She didn't linger to admire herself—vanity was a waste of time—but the new garments felt like a quiet assertion of her control, her ability to turn even Lor's perversion into profit.
Dressed in a simple gray tunic and loose trousers, she moved to the small kitchen of her modest home, the floorboards creaking faintly under her bare feet.
The venison sizzled in a pan, filling the air with a savory aroma, while the bread sat sliced on a wooden board, its golden crust catching the light.
Ameth prepared her meal with the same efficiency she brought to her axe swings, her face blank, her movements exact.
She sat at the small table, eating slowly, the rich meat tender on her tongue, the honeyed bread sweet and soft.
Her expression didn't change—no smile, no sigh of pleasure.
But a flicker of satisfaction and just the steady rhythm of chewing, her hazel eyes distant.
Knock Knock
A knock at the door broke the silence, sharp and unexpected.
Ameth paused, her fork halfway to her mouth, her brow furrowing slightly—the closest she came to surprise.
She set the fork down, wiped her hands on a cloth, and rose, her steps silent as she crossed to the door.
The night outside was dark, the single lantern by her doorstep casting a weak glow across the stone path.
She opened the door, expecting nothing but the empty street.
Instead, a folded piece of parchment lay on her doorstep, its edges crisp, sealed with a wax sigil she recognized instantly: the crest of the kingdom's Princess, a stylized hound's head.
Ameth's lips pressed into a thin line.
She glanced around—no one in sight like always, the street silent except for the distant hum of a tavern—then bent to pick it up, her fingers brushing the paper's smooth surface.
She unfolded it under the lantern's light, and her breath caught, a rare crack in her stoic facade.
The parchment bore a sketch of Lor's face, unmistakable—his messy hair, that infuriating smirk, those hazel eyes.
Below the drawing, in elegant script, was a single line: Bring him to the Hound's Den.
10 gold coins.
Ameth's grip tightened on the paper, the edges crinkling slightly.
She worked for the Princess—had for years, a shadow in her employ, handling the dirty tasks no noble would touch.
Deliver this package, retrieve that artifact, bring him in to silence his loose tongue—whatever the Princess demanded, Ameth provided, no questions asked, her payment collected in cold coin.
It was clean, transactional, the only kind of loyalty she trusted.
But this?
This was Lor.
The boy who'd bartered for her underwear with a grin, who'd matched her ice with his own, who'd helped improve her business, who was the reasons she was eating venison steak.
Her icy blue eyes narrowed, the parchment crumpling slightly in her hand.
She didn't know why the Princess wanted him—she shouldn't care, in truth.
Her job was to deliver, nothing more.
Yet something stirred in her chest, a faint flicker she didn't recognize, not quite anger, not quite hesitation.
She folded the paper carefully, tucking it into her tunic, and returned to her dinner, her expression blank once more.
The venison was still warm, the bread still sweet, but as she ate, her mind churned, calculating.

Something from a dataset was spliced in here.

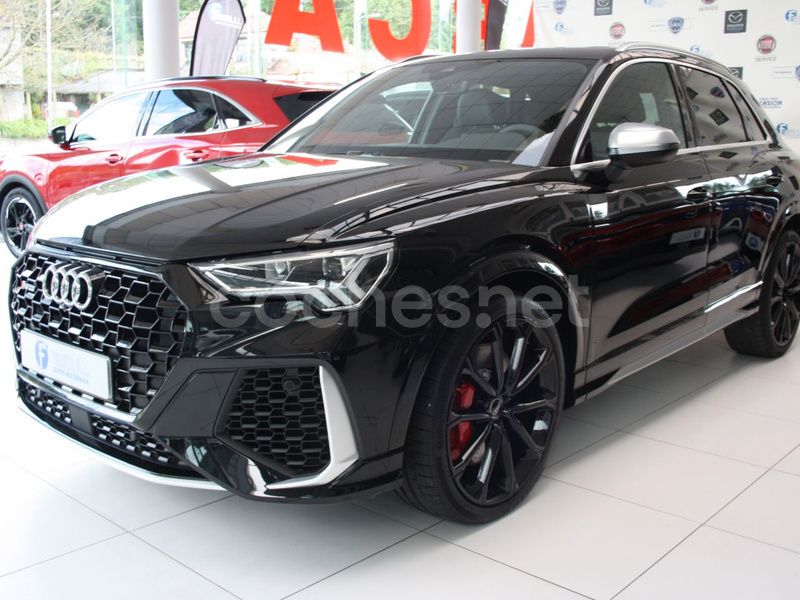 Negro Usado 2021 Audi Q3 SUV | 62.900 € - Imagen 1/4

Ten gold coins was a fortune—more than she'd make in a month normally.
She sat down and once again chewed slowly, her hazel eyes fixed on the flickering candle flame across the room, its steady dance casting wavering shadows on the walls.
Her face remained impassive, a blank canvas of stoicism—no smile, no sigh of indulgence, just the precise rhythm of eating, as mechanical as swinging her axe through wood.

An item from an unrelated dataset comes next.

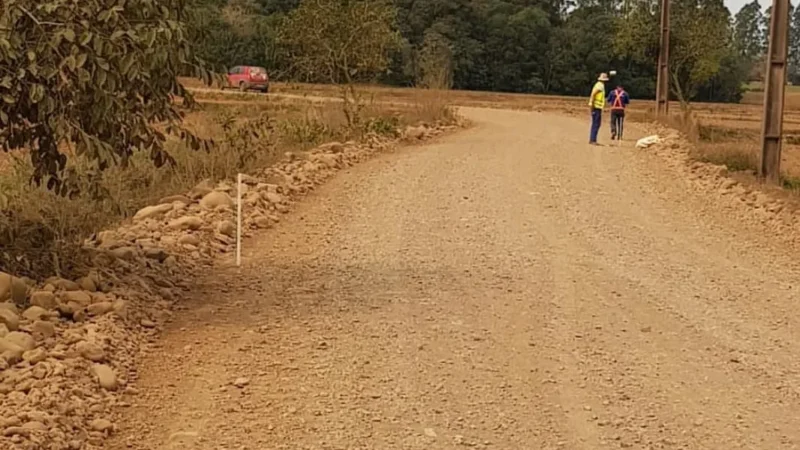 Turvo iniciou a 2ª etapa da pavimentação da rodovia TVO 367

But beneath that frozen exterior, her mind began to churn, thoughts uncoiling like frost creeping inexorably across a windowpane, turning clarity into a web of icy patterns.
What could the Princess possibly want with Lor?
The question lodged in her thoughts like a splinter, small but insistent, refusing to be ignored.
The Princess's requests were always precise, impersonal—artifacts to retrieve from shadowed vaults, rivals to intimidate with veiled threats, loose ends to tie off with cold, efficient finality.
Men her age?
That was rarely her domain.
Ameth had handled deliveries of information or trinkets, but never someone her own age, let alone a boy like Lor.
Her orders came through sealed missives or whispered couriers, always detached, always about power plays in the court's intricate games.
This felt... different.
Personal.
She paused mid-bite, the fork hovering inches from her lips, a faint chill running down her spine despite the warmth of the room.
Was the Princess dipping into her mother's infamous appetites?
The Queen had a notorious reputation, whispered about in the taverns and back alleys where Ameth gathered her intel.
Her "appetite" for young men was legendary—a voracious hunger that lured handsome, virile lads into her opulent chambers for days on end.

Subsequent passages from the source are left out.